Fast Telephotos, front element size, and EF-S questions...

[wickerprints]

The entrance and exit pupils are not something that actually exist as physical objects. Only the aperture stop itself is a real object. The pupils are simply the images of the aperture stop as viewed from the corresponding end of the lens, and as such, they can appear at any position behind the end of the glass you're looking at. The entrance pupil can, for instance, appear behind the front element at a distance that is greater than the physical length of the lens.

That said, the entrance and exit pupils are in fact optically constrained by the diameter of the glass in front of them. That is to say, an entrance pupil of 100mm cannot be produced if the front element is only 90mm. It is impossible, in as much as it is impossible for the entrance pupil to appear in front of the front element.* If you reduce that front diameter through the introduction of a secondary stop, you will reduce the amount of light entering the lens, and therefore, the f-number of the system will change. Whether or not this results in noticeable vignetting depends on how the lens is constructed and where you put the field stop. In some cases (frequently, telephoto lenses), what you would see is simply a change in exposure. In others (e.g., wide-angle lenses), you would see hard vignetting whilst the central portion of the image remains unaffected.

Something else that you should consider when conducting your tests is that the f-number of the system pertains to the behavior of the lens when it is focused at infinity. If you take your telephoto lens and look through the front element from a few feet away, the entrance pupil will appear a certain size. If you set the lens down and walk away from it, the entrance pupil will seem to grow in size until it appears to take up the entire front element's diameter. This is because when you look at the lens, the light rays that form the entrance pupil correspond to the effective f-number of the system, not the relative f-number. When you are close, the light rays emerging from the lens and reaching your eye are not parallel and the actual light-gathering ability is less than what the nominal aperture would suggest. When you are far, the light rays are nearly parallel, and this corresponds to the case where N = F/D. The reason I mention this is because if you were to conduct your tests by imaging a subject at a short distance, you would not notice a significant change in exposure with the step-down ring because the effective f-number has already been increased. If you shot the lens at infinity focus, the camera absolutely would see less light if you blocked the periphery of the front element with step-down rings.

As for your question regarding the relationship to sensor format size, a smaller sensor could make part of a telephoto lens smaller but not the front element. With a shorter back focus distance and a smaller image circle, the lens could be made a bit more compact, but not drastically so, if the f-number is to remain fast.

*When I speak of the pupil diameter, I am speaking of the size of the pupil as it appears to us (or the camera sensor), not as it actually is.

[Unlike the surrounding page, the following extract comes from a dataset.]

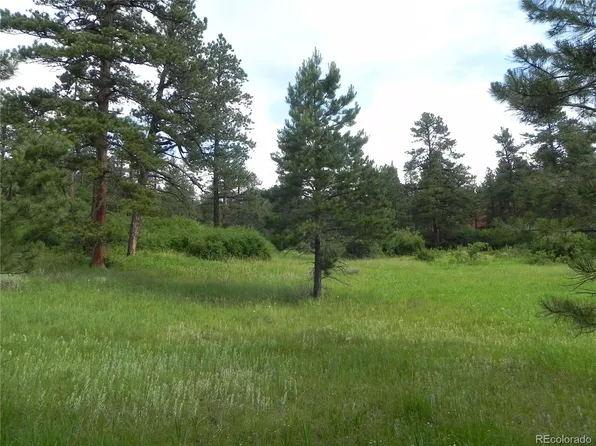 8448 Crow Place, Larkspur, CO 80118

For example, a pupil that is 100mm in diameter at a distance of 50cm away looks the same size as a pupil that is 200mm in diameter at a distance of 100cm away. The light cone they produce has the same angle. A camera sensor cannot tell the difference between the two. Thus, you can have a pupil that is infinitely large yet infinitely far away, but it still appears to us to have a finite size (e.g., telecentric lens) and thus a finite light-gathering capacity. As the pupil diameter pertains to this capacity, we are therefore interested only in the angular size of the pupil--how large it appears to us, not how large it actually is, in relation to its distance from us.